__Problem requirements__. How many of the lines below include the word "Hotel"? Only the number should be given.

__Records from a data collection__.
-- Opening Marker --
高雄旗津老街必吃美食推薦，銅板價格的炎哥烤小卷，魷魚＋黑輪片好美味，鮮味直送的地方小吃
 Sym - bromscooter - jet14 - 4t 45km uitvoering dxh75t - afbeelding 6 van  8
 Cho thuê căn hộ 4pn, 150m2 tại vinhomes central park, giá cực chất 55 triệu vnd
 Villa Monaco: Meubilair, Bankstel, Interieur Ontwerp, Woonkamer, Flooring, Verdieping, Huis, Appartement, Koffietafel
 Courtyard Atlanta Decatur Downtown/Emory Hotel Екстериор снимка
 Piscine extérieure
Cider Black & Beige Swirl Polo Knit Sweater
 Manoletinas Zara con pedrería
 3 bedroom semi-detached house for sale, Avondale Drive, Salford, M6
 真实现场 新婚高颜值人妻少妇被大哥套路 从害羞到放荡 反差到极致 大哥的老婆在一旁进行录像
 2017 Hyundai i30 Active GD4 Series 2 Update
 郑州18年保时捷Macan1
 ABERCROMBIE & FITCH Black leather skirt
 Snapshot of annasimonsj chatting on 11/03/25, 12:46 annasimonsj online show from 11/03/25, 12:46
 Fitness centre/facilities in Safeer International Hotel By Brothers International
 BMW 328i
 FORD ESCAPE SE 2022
-- Closing Marker --
__Exercise answer__. 2